Announcing the 2023 Data Science Incubator Projects

The eScience’s annual Data Science Incubator program kicked off last week, which enables new research discoveries by bringing together data scientists and domain scientists to work on focused, intensive, collaborative projects. Our team of data scientists provide expertise in state-of-the-art technology and methods in large-scale data manipulation and analytics, cloud and cluster computing, statistics and machine learning, and visualization to help researchers extract knowledge from large, complex, and noisy datasets. In the nine years since the Incubator program launched, eScience has collaborated on over 60 total projects from a hugely diverse range of UW departments and units. See the archive of past Incubator projects here.

This year, we selected six projects to further explore data science as it applies to the areas of snowmelt, acoustic sensing, mass-spectrometry, wetland communities, marine heatwaves, and social science.

“Leveraging large satellite archives to understand the timing and distribution of global snowmelt”
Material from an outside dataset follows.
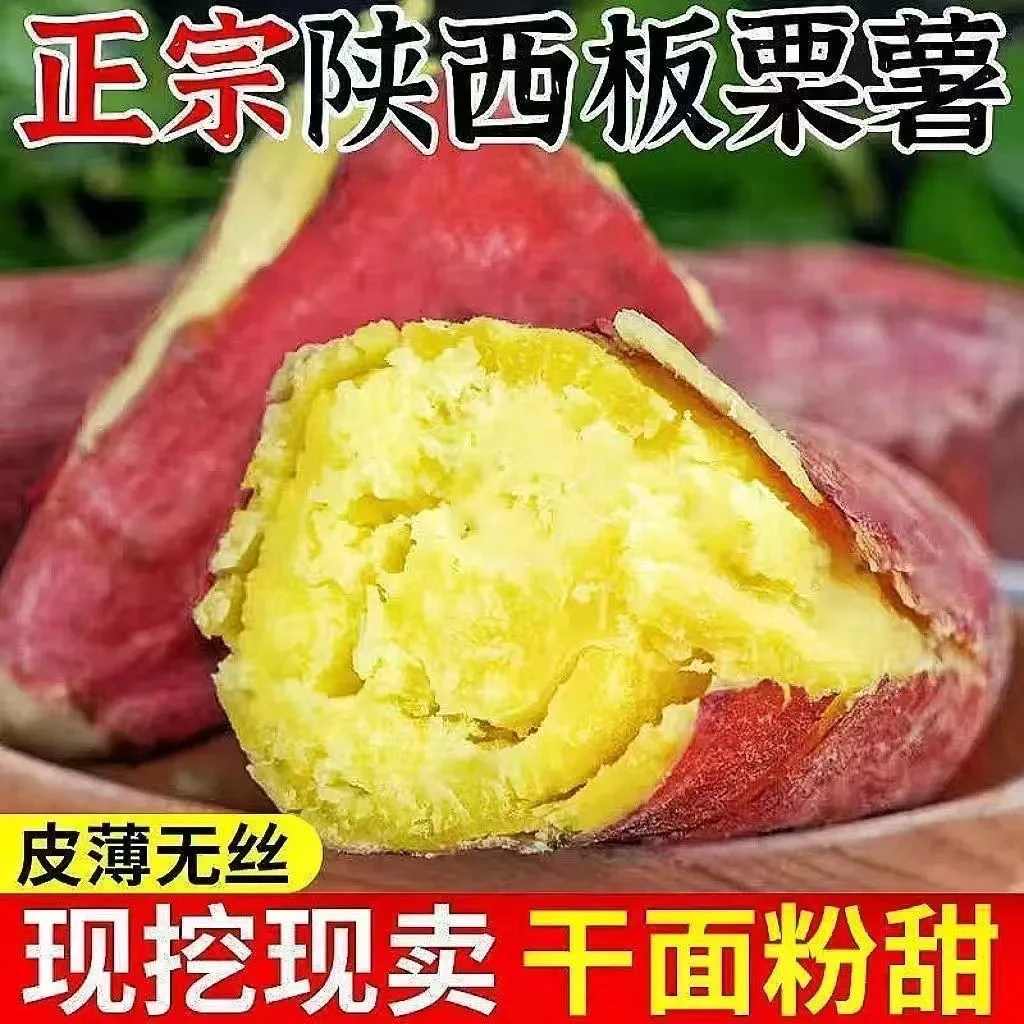 新鲜现挖陕西板栗红薯粉糯香甜饱满皮薄粗粮代餐桥头地瓜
Project Lead: Eric Gagliano, Terrain Analysis and Cryosphere Observation Lab, UW Civil & Environmental Engineering

Faculty Advisor: David Shean, UW Civil & Environmental Engineering

Data Science Lead: Scott Henderson

Seasonal snow plays an essential role in the Earth system and more than 1/6 of the world’s population relies on runoff from seasonal snow and glaciers for agricultural and domestic water supply. Snowmelt timing has important implications for downstream water resource applications, flood risk management, and ecosystem maintenance. Snowmelt timing is often used as a common indicator of regional climate change: for the Western U.S., snowmelt timing is projected to advance earlier in the year by up to one month by 2050. The snowmelt runoff onset date dictates both the beginning of increased water availability and the rate of spring flow. High-resolution maps of snowmelt runoff onset date would enable more accurate water resource forecasting and regional climate analysis.

Synthetic Aperture Radar (SAR) microwave instruments on satellites offer high spatial and temporal resolution measurements and provide the ability to delineate between different snowmelt phases. I developed and released an open source toolbox to explore cloud-hosted publicly available Sentinel-1 C-band SAR data and produce snowmelt runoff estimates. This method analyzes the dielectric properties of water in snowpack over time to determine when the snowpack is saturated and runoff onset begins. So far, I have primarily focused on analyzing time series for smaller sites such as the Cascade Range Stratovolcanoes. I’ve been able to produce snowmelt runoff onset maps and analyze controls (such as topography and weather) on runoff timing at high resolution, which is currently poorly understood in mountainous areas. However, with additional guidance and computational resources, I hope to scale up my methods to create snowmelt timing products on a regional to global scale. These products will be valuable for water resource managers to better understand when and where snowpack releases water into critical reservoirs, as well as climate scientists looking to analyze regional trends in snowmelt timing as an indicator of regional climate change. The objective of this incubator project is to scale up the processing of these snowmelt runoff onset maps beyond the current watershed and mountain scale. My primary goal is to process the full Sentinel-1 catalog (2014-present) to prepare seasonal snowmelt runoff onset maps for the Western U.S., with a final stretch goal of processing the entire globe.


“The Prototype of a Cloud Store for Distributed Acoustic Sensing Data”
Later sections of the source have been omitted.